- A new analysis of presidential pathways conducted by researchers from Virginia Commonwealth University, reports that only 54% of college presidents from a sample of 215 career profiles came from tenure or tenure-track positions prior to their hiring. That percentage means a higher rate of appointments than published in previous studies, which placed the rate of presidential appointees without high-level faculty experience between 18.8% and 33%, according to one independent study and another conducted by the American Council on Education, both published in 2017.
- Large doctoral universities, predictably, made up the largest contingent of presidents who had come from traditional academic paths; 65% of the presidencies examined in this study with tenure or tenure-track positions in their backgrounds came from these institutions. And while doctoral institutions also accounted for the highest percentage — 37% — of presidents who came from the nontraditional path, the researchers found "the proportion of corporate nodes is significantly higher at 28%."
- The researchers told Inside Higher Ed they worry the new path to the presidency may reflect “the cultural shift away from the traditional core mission of the university as an altruistic public good,” moving instead towards more of a corporate model of higher education.
The ultimate role of a university president is to translate the culture and mission of an institution into revenue for the institution, typically in the areas of fundraising, public relations and outreach within its immediate community and throughout different industrial sectors. This is why so much pressure is placed on presidents for athletics, endowment returns and political lobbying efforts to be successful because they are all key drivers of enrollment, research capacity and alumni relations — elements which drive campus growth.
When the University of Texas floats its efforts to recruit former U.S. Secretary of State Rex Tillerson, or when Paul Quinn College names career lawyer Michael Sorrell as president, trustees at both schools, regardless of their difference in size, station and mission are following the same idea: The next phase of their campus' expansion will be found in vision created outside of the campus. And the presidents who know how to communicate with faculty, make decisions on capital planning, budgeting and PR strategy to meld with the strengths of the campus are typically those who have been in other environments to see how parts of a corporation function together to create a stronger academic enterprise: a common theme in a recent column from former University of Puget Sound President Susan Resneck Pierce who offered insights for presidents facing bleak culture on their campuses.

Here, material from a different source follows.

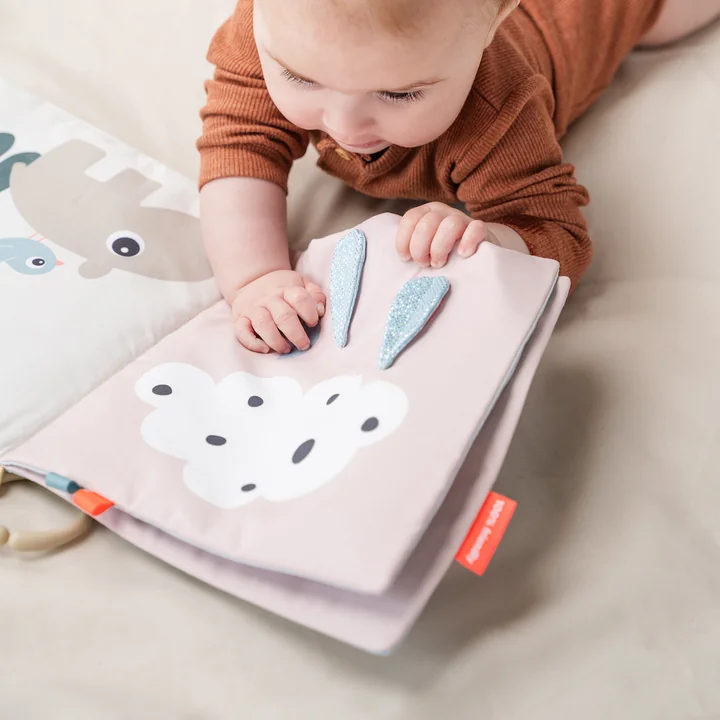 Livre en tissu de Done by Deer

Some boards subscribe to the notion that you can hire a strong provost for academics but visionary leadership can only come from outside. For some campuses, this works out well, but on others, there is an inherent distrust by faculty of leaders who come in without any knowledge of the academic experience, and many measure one's value in terms of publication and research. And with a proliferation of presidents coming in from the outside, it is easy to see how presidents don't see student affairs as a priority — despite the fact that being out of touch with student experiences and concerns is the surest way to find oneself in the middle of a controversy or submitting a letter of resignation.